Monday, December 28, 2015
The Science of Conservatism
This article is from last year but it popped up on my facebook page this morning. Scientists have been trying to figure out if there is a biological imperative to conservatism and it seems they found one from the Pleistocene period 12,000 years ago. Basically, it seems conservatism is a recessive gene that is a throwback to earlier years as hunters and gatherers. It allows us to to sense danger and react quickly, which would help explain the gun cult that has arisen in America, if nothing else.
John Hibbing calls it a "negativity bias," which makes some persons more attuned to threatening or disgusting stimuli in their environment. These persons respond more rapidly to aversive stimuli like spiders than apparently do more liberal respondents, who probably just say, "oh spider." This experiment would definitely put me in the second group as I've learned to live with spiders and feel no threat at all.
However, my daughter is particularly adverse to spiders, so it seems this recessive gene is something we all are born with and over time become conditioned to be less scared of spiders. Conservatives don't seem to fully overcome such fears. Their reaction is probably to crush the spider where my reaction is to put a cup over it and slide a piece of paper under it and take it outside, where it can live in its more natural habitat. But, spiders like the warmer climate of the house in winter just like humans, so inevitably they find their way back into her room again.
Hibbing did other experiments as well, tracking eye movements and other sensory movements to determine if there was a deeper pattern here. What emerged is that conservatives tend to prefer a more primal form of society, which Julian Jaynes referred to as a bicameral mind. This is a mind that likes clear distinctions, structure and order, normally associated with primitive societies that have a very clearly defined societal order. These persons are driven largely by strong emotive responses such as disgust. Typically, they don't like change.

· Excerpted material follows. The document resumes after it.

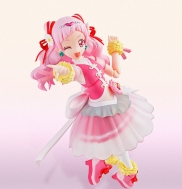 Лимитированная аниме фигурка HUGtto! Precure — Cure Yell — S.H.Figuarts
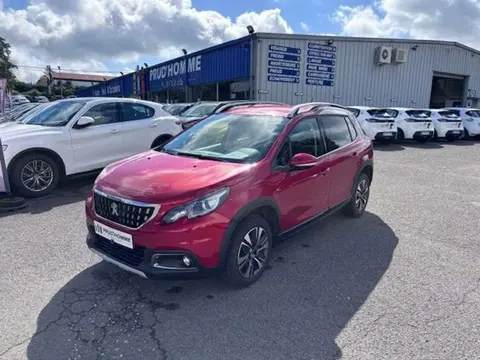 Used PEUGEOT 2008 Petrol 2019 Ad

Basically, we are talking about persons who retain a child-like view of the world. More specifically toddlers who react with disgust to things they don't like and become defiant when you persist on making them try it, often sealing their mouths tightly shut, folding their arms across their chest and digging their heels into the ground. Most of us tend to grow beyond this early, seemingly innate "negativity bias," but some apparently do not. You can read that four-year old intractability in Donald Trump's face.

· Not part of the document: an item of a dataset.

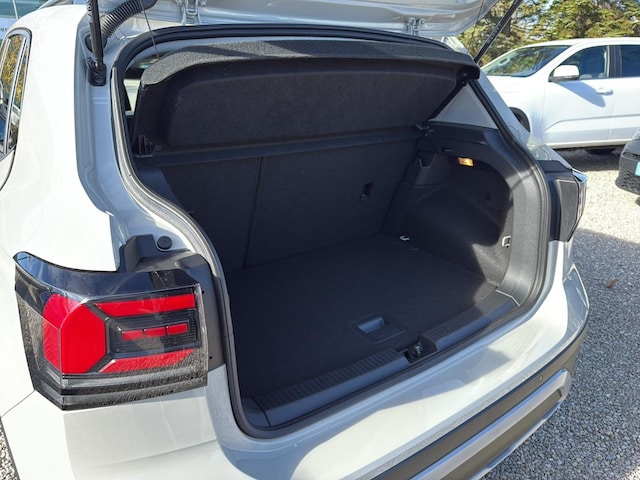 Volkswagen T-Cross TSi CarPlay+ACC+LED+Virt+PDC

Consciousness was the big breakthrough, and Julian Jaynes believed it occurred around the time of the Greeks. Not to say other civilizations didn't possess it, but it wasn't valued like it was during Greek times when ambiguity came to be more generally accepted and used to create a greater variety of arts, drama and political thought. Bicameral societies tended to be totalitarian by comparison.
The Greek ideal is at the core of modern democratic society, but conservatives generally try to avoid the ambiguities, preferring a Manichean construct, which grew up about the same time as Christ and spread through the same region. Manicheans were probably more complex than we give the credit for but their notion of moral dualism is much easier to come to terms with than is say the works of Aristophanes.

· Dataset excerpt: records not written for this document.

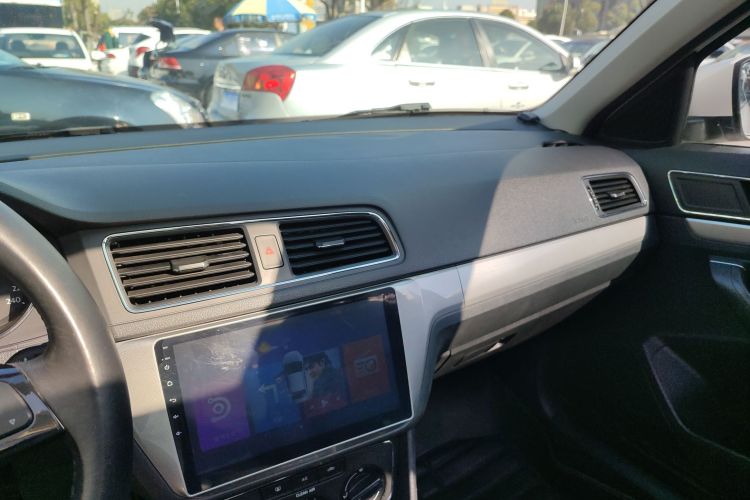 大众 朗逸 2017款 1.6L 自动舒适版局部细节16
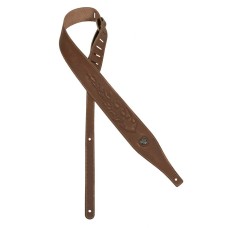 GAUCHO GST-645-BR Usnjen pas za kitaro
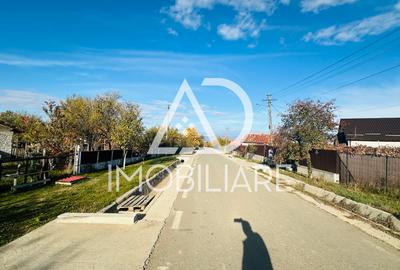 Teren de vânzare Dănești, Sasa / 8 km de oraș - 7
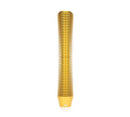 NRG Heat Sink Curvy Long Shift Knob – Gold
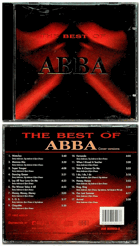 CD - The Best Of ABBA
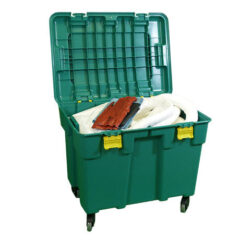 Schoeller 150 Litran imeytyspaketti öljyille, valkoinen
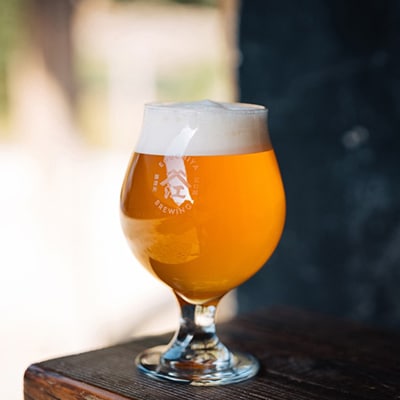 江口屋醸造所クラフトビールのグルメセット「霞浦牛」～サーロイン～【複数個口で配送】【配送不可地域：離島】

Conservatives generally have an us v. them view of the world, whereas liberals tend to have a more all-inclusive view. In the conservative world, spiders elicit disgust whereas the liberal is more likely to see the spider in a more positive light. For instance, E.B. White would have to be regarded as a liberal.
It seems Hibbing has hit on something, linking conservative thought back to our much earlier primal fears. I don't think you necessarily have to be a scientist to figure this out, but it helps in trying to find genes that might attribute to this kind of behavior. This may allow us to one day excise this gene once and for all, since it really no longer serves much purpose in our society except to hold us back.